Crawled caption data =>
★ ★ ★ ★ ★
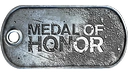 "Medal Of Honor" Dog Tag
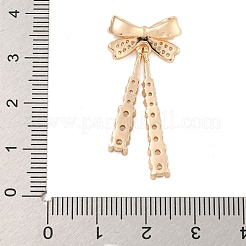 Стойки обшивки латунь микро проложить Циркон подвеску&nbsp;KK-F876-28KCG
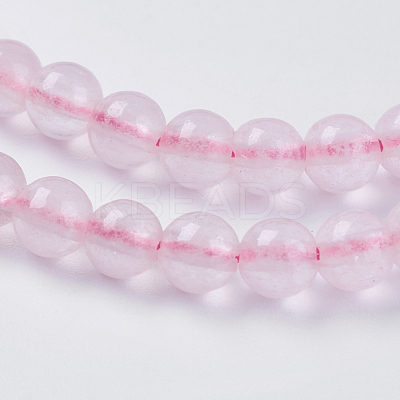Natural Mixed Gemstone Beads Strands G-G151-4mm-M1-1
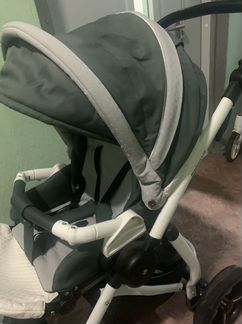 Детские коляски 3 в 1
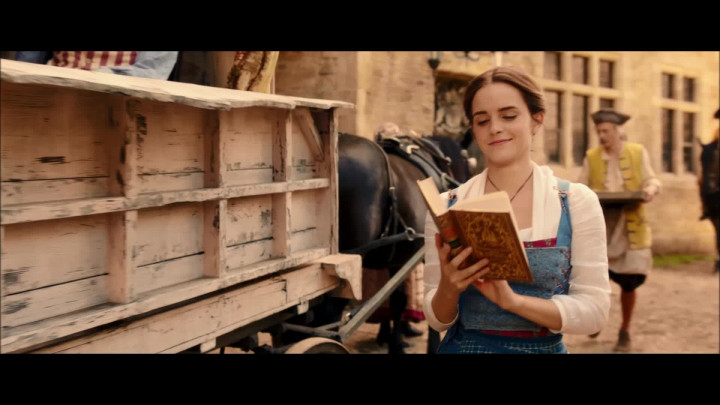 Die Schöne und das Biest - Trailer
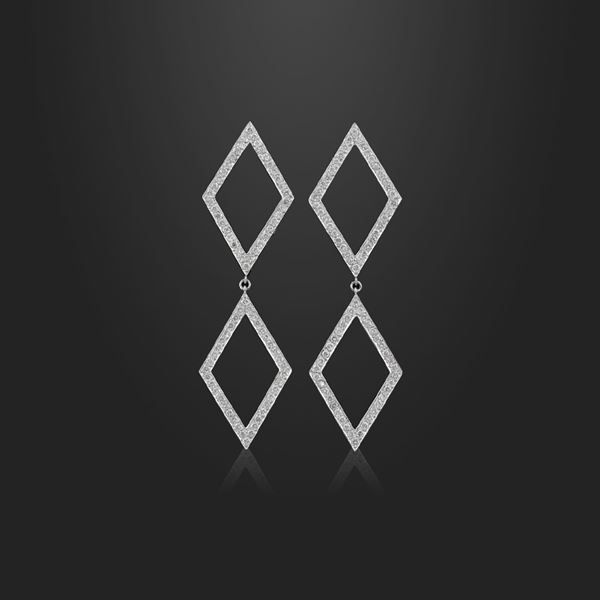 EARRINGS  - Auction Summer Time Jewelry, Watches and Silver - Casa d'Aste International Art Sale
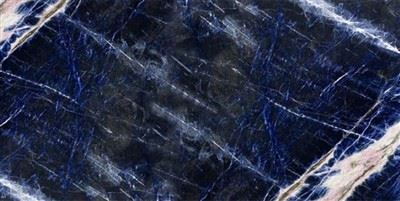 Sodalite Blue Marble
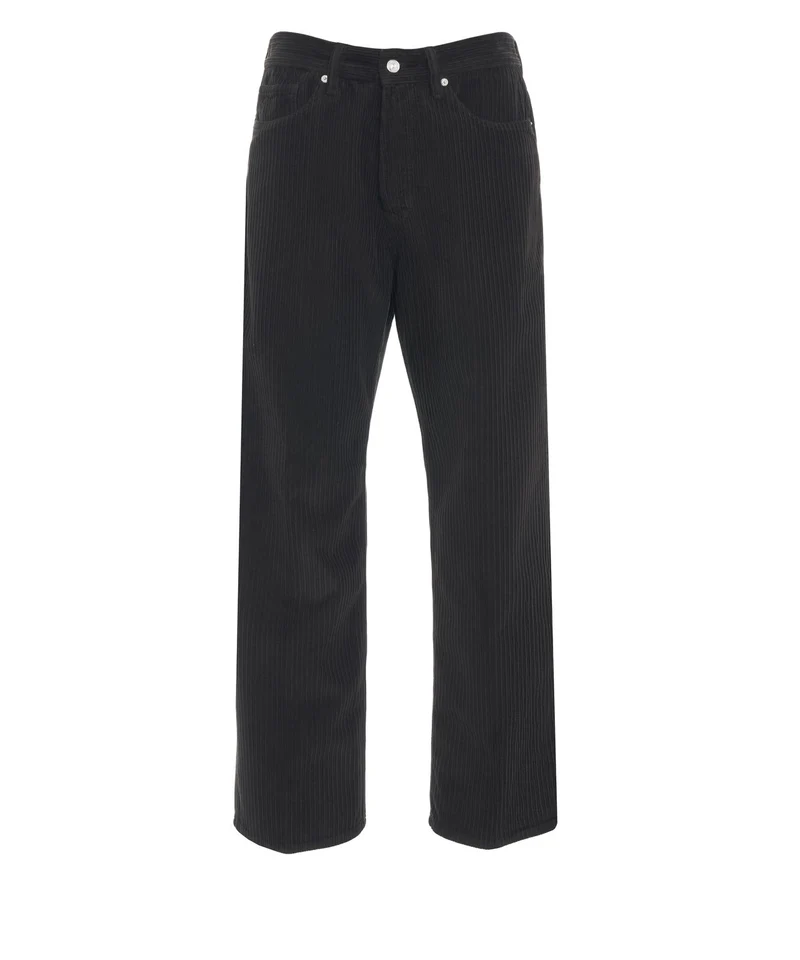 Pantaloni in velluto a coste 'Icaro'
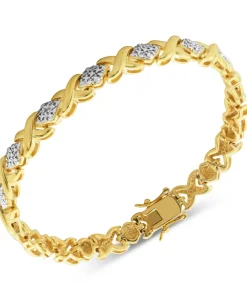 Diamond Accent Bracelets Created for Macy's 70% OFF Retail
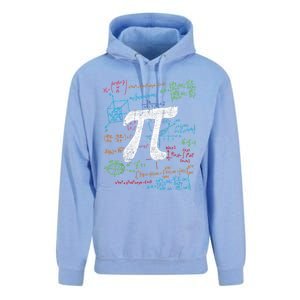 Math Teacher Student Happy Pi Day Great Gift Unisex Surf Hoodie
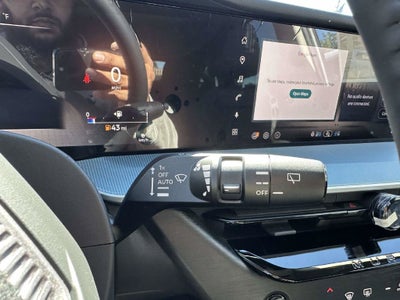 2027 Nissan Murano Platinum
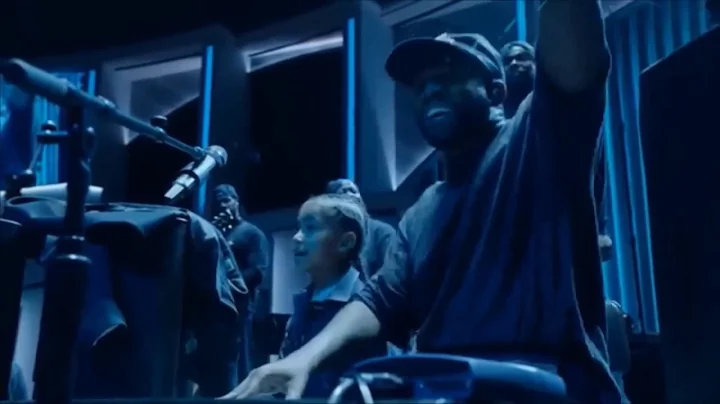 This Is The Day [ Fred Hammond Cover ] | Kanye West [LIVE] @ Lakewood Church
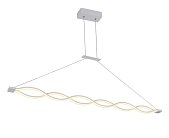 Подвесной светильник Lucia Tucci Modena 1920.2 White Led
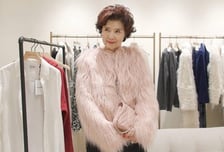 '미우새' 윤미라, 75세 모태 싱글의 초호화 일상…"서방 없어도 옷방 3개"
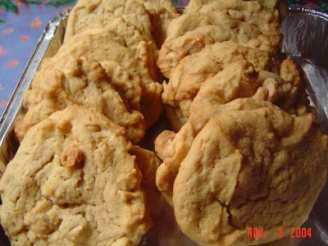 The Last Peanut Butter Cookies Recipe You'll Ever Try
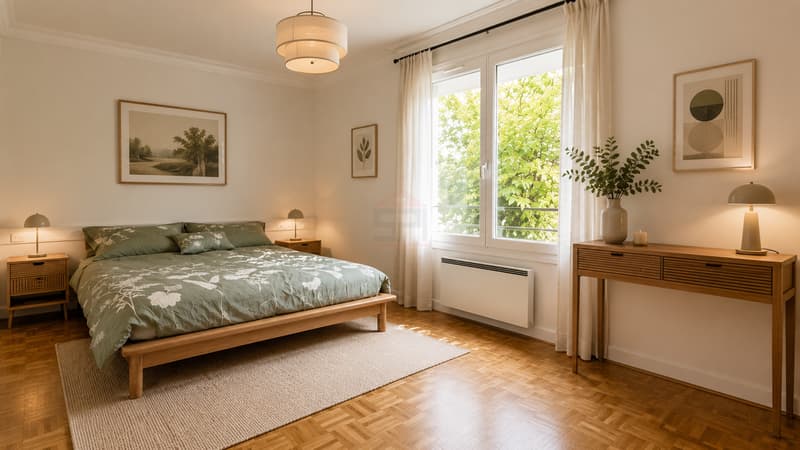 Angrenzendes Haus mit privatem Garten in einem exklusiven Privatpark (7)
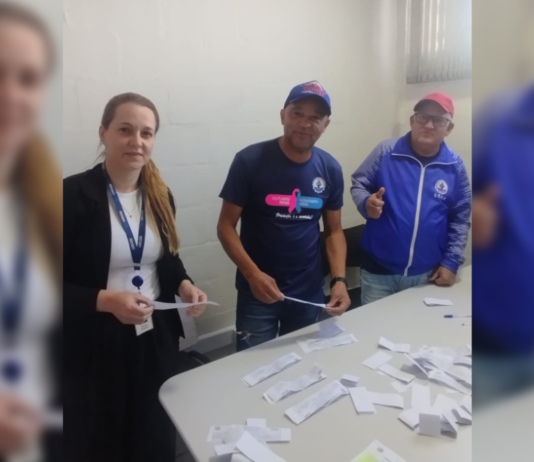 CIPAA na empresa Panflight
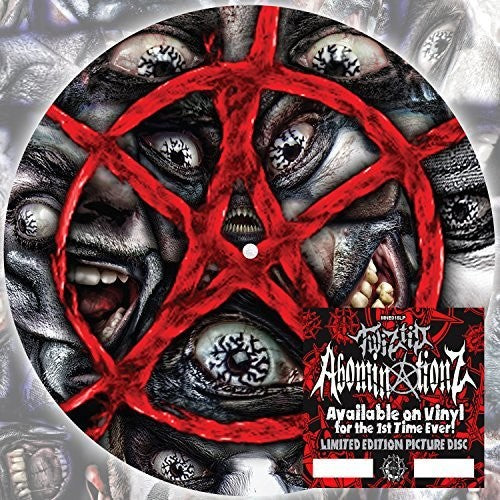Twiztid: Abominationz ( RECORD )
★ ★ ★ ★ ★
EXERCISE DESCRIPTION => From the line that holds "Sodalite Blue Marble" to the last line of the data, return those lines exactly and nothing else; both ends count, and pictures stay out.

OUTPUT OF THE EXERCISE =>
 Sodalite Blue Marble
 Pantaloni in velluto a coste 'Icaro'
 Diamond Accent Bracelets Created for Macy's 70% OFF Retail
 Math Teacher Student Happy Pi Day Great Gift Unisex Surf Hoodie
 2027 Nissan Murano Platinum
 This Is The Day [ Fred Hammond Cover ] | Kanye West [LIVE] @ Lakewood Church
 Подвесной светильник Lucia Tucci Modena 1920.2 White Led
 '미우새' 윤미라, 75세 모태 싱글의 초호화 일상…"서방 없어도 옷방 3개"
 The Last Peanut Butter Cookies Recipe You'll Ever Try
 Angrenzendes Haus mit privatem Garten in einem exklusiven Privatpark (7)
 CIPAA na empresa Panflight
Twiztid: Abominationz ( RECORD )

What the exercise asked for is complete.